Элен. Читай! (Протягивает ему документ.)
Леон. Это еще что?
Элен. Читай!
Леон быстро пробегает глазами документ и возвращает его Элен.
Леон. Вот и хорошо. Вот и хорошо. Теперь ей не понадобится больше бегать по конторам, глядишь, время от времени и у нас посидит.
Элен (снова протягивая ему свидетельство). Да ты дочитай до конца!
Леон. А я дочитал. Все хорошо, все прекрасно, все печати на своих местах!
Элен. И тебя там ничего не шокирует?
Леон. Меня? Шокирует? Ты думаешь, что я в первый раз вижу свидетельство о смерти? (Хмыкает и качает головой.) Мне бы получить на эту зиму столько заказов, сколько я в своей жизни перевидал таких свидетельств…
Элен (кричит). Скончался в Дранси! Скончался в Дранси!
Леон. Ну и что? В Дранси — не в Дранси, какая разница, это ж всего-навсего бумажка!
Элен. Несчастный болван! «В Дранси — не в Дранси»! Да если это не указано в их документах, со всеми бланками, печатями и официальными подписями… Читай: Суд департамента Сена… Хранитель печати… Судья такой-то… Зарегистрировано такого-то. Засвидетельствовано тем-то… Если здесь ничего не указано, значит, никого туда не отправляли, никого не грузили в вагоны, никого не сжигали в печах. Если они все просто скончались в Дранси, в Компьене, в Питивье, то кто о них вспомнит? Кто о них вспомнит?
Леон (тихо). Вспомнят, вспомнят. Для этого не требуется бумаг. Тем более криков.
Элен. Но зачем они лгут, зачем? Почему не написать все как есть? Почему не написать: «Заживо сожжен»? Почему?
Леон. Бумажка есть бумажка. Ей она нужна, только чтобы попытаться получить пособие, больше ни для чего. Может, ей по этой бумажке и не дадут никакого пособия, скорее всего, у нее на него нет права. Но она хочет попытаться. Она хочет непременно еще побегать по инстанциям. Это сильнее ее. Ей это нравится: заполнять всякие анкеты, карточки, формуляры, водится за ней такой грех… Ничего другого эта бумажка ей не дает… Ровным счетом ничего… Документ, необходимый, чтобы получить другие документы. Только и всего…
Элен. А дети? Как они узнают? Прочтут «скончался в Дранси», и все?
Леон. Узна́ют, узна́ют. Узна́ют больше, чем надо!
Элен. Конечно, по-твоему, чем меньше знаешь, тем лучше спишь…
Леон. Те, кому следовало бы знать, не узнают никогда. А мы — мы и так уже много знаем, слишком много…
Элен. Кому же, по-твоему, следовало бы знать?

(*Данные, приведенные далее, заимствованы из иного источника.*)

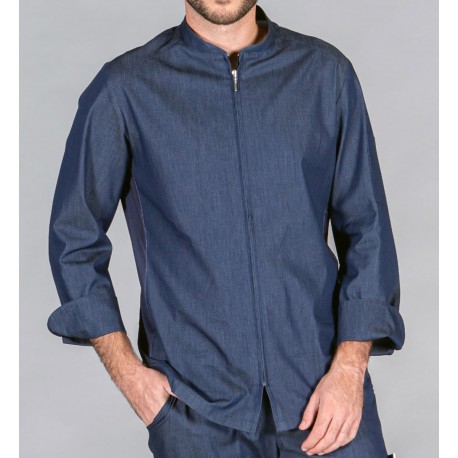 Giacca Cuoco Santana Denim Stretch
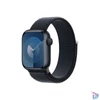 Kép 1/2 - Apple Watch S9 GPS (41mm) éjfekete alumínium tok , éjfekete sport pánt okosóra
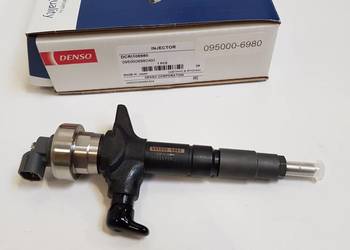 Nowy wtryskiwacz paliwa CR DENSO 095000-6980 095000-6100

Леон (помолчав, сквозь зубы) Другим.
Элен. Каким таким другим?
Леон. Хватит голосить, здесь ателье, здесь люди работают. Работают, а не занимаются философией… (Симоне.) И ты тоже… убери все это… разложила зачем-то свои бумаги… Тут пособий не выдают, тут работают, и точка. И обходятся без свидетельств и разных там выписок!
Элен. Прекрати на нее орать, это я ее попросила показать.

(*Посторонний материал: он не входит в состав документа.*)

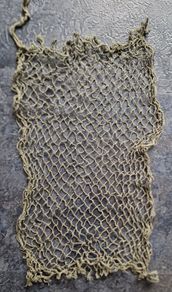 WW2 British Army Helmet Net Cover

Леон. А ты кто такая? Следователь, поверенный, адвокат, министр по делам ветеранов и жертв войны? Болтаешь языком, будто можешь решить какие-то проблемы. Лучше о моих проблемах подумай, если у тебя есть свободное время, а потом уже чужими занимайся…

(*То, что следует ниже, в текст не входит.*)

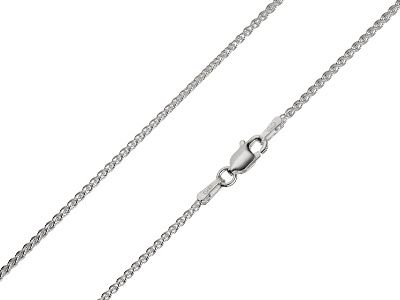 Recycled Silver 1.5mm Spiga Chain Recycled Silver 1.5mm Spiga Chain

Элен. А какие у тебя проблемы?
Леон. У меня? Никаких! Я счастлив! Так счастлив, что просто подыхаю от счастья! «Какие у меня проблемы, какие у меня проблемы»… А кто, по-вашему, мадам, обо мне вспомнит? Кто, по-твоему, вспомнит, а?!
Элен выходит. Леон, тяжело вздохнув, принимается судорожно наводить порядок в мастерской. Все работают в молчании, избегая смотреть друг на друга. На какое-то время Леон замирает посреди комнаты с безвольно опущенными руками. Потом поворачивается к Симоне.